Due to his expertise with European cultures, during the Second World War Kirkconnell was called on to assist the federal government help promote national unity. These efforts included publishing a pamphlet entitled Ukrainian Canadians and the War and crafting a program entitled Canadians All. This consisted of a radio series and a pamphlet of the same name, published in both English and French and distributed nationwide. Owing to the biases of its author, this effort excluded people of Asian, African and Indigenous descent (though the latter were included in a second edition of the pamphlet). In 1942, he became a founding member of the federal Committee on Cooperation in Canadian Citizenship. (See also Canadian Citizenship.) However, his outspoken anti-Communism quickly became a great source of friction, and he resigned in 1944.
Kirkconnell was one of Canada’s earliest and most outspoken anti-Communists, airing concerns as early as 1939. Frustrated with the retort that he was inventing his charges, Kirkconnell subscribed to several Russian newspapers and began scrupulously researching others in public libraries, focusing specifically on laws passed and compiling a massive file of photocopies of original sources, which he entitled “The Red Record.” Though it was never published, he did present some of his research in lectures and addresses and also supplied information to the RCMP and various Canadian politicians. However, other politicians found Kirkconnell’s activism to be a problem: Prime Minister Mackenzie King, for instance, quietly considered silencing him using an Order-in-Council.
In the end, Acadia University’s board of governors did what the federal government could not, dictating that he rein in his public and vociferous anti-Communist campaign. However, in an embarrassing incident that received national attention, in 1959 Kirkconnell speculated to the local newspaper that water fluoridation might be a plot to render North Americans mentally susceptible to Communist domination. Kirkconnell’s late life conspiratorial thinking spilled over from communism and led him to increasingly extreme positions, including a hunt for evidence that the number of those who perished in the Holocaust had been inflated, and belief in other anti-Semitic theories.
During his lifetime, Thomas Watson Kirkconnell was the recipient of a host of awards, including a dozen honorary degrees. These include the Taras Shevchenko Medal (1962) and the Great Shevchenko Plaque (1964) from the Ukrainian Canadian Committee; the Gold Medal of Freedom from the Hungarian Freedom Fighters (1964); the George Washington Medal from the American Hungarian Studies Association (1967); and the Humanities Research Council Medal (1964).

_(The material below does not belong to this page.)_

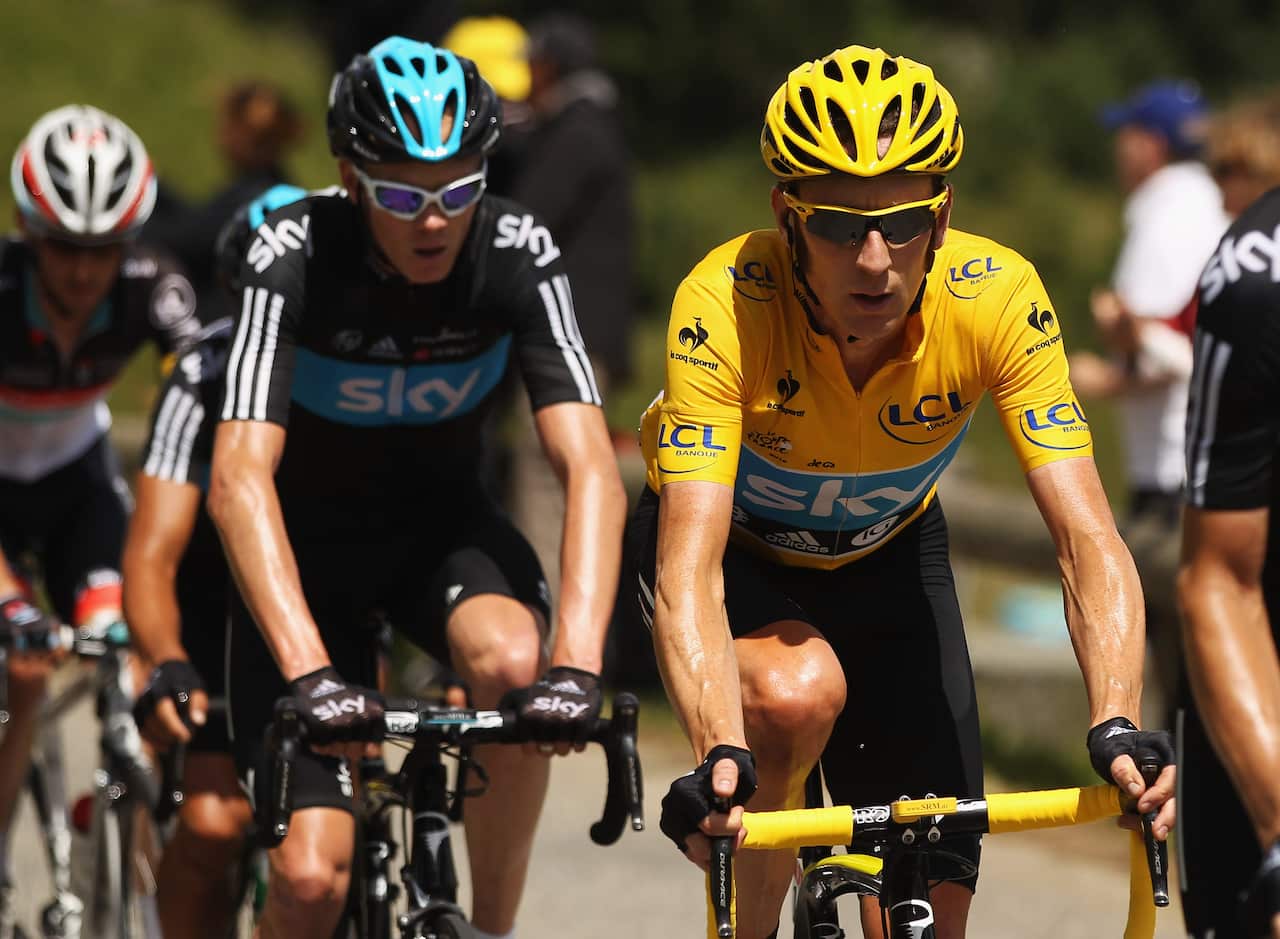 That was then... Chris Froome (L) rides behind race leader Bradley Wiggins on Stage 11 of the 2012 Tour de France.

In 1963, Kirkconnell was made a Knight Commander of the Order of the Icelandic Falcon and in 1968 was made an Officer of the Order of Canada.
In 1979, the Watson Kirkconnell Room at the Esther Clark Wright Archives of Acadia University was created to house his books, files and decorations. In 1986, Acadia University Library published a book containing a biographical sketch of Kirkconnell and the first attempt at a comprehensive bibliography of his works.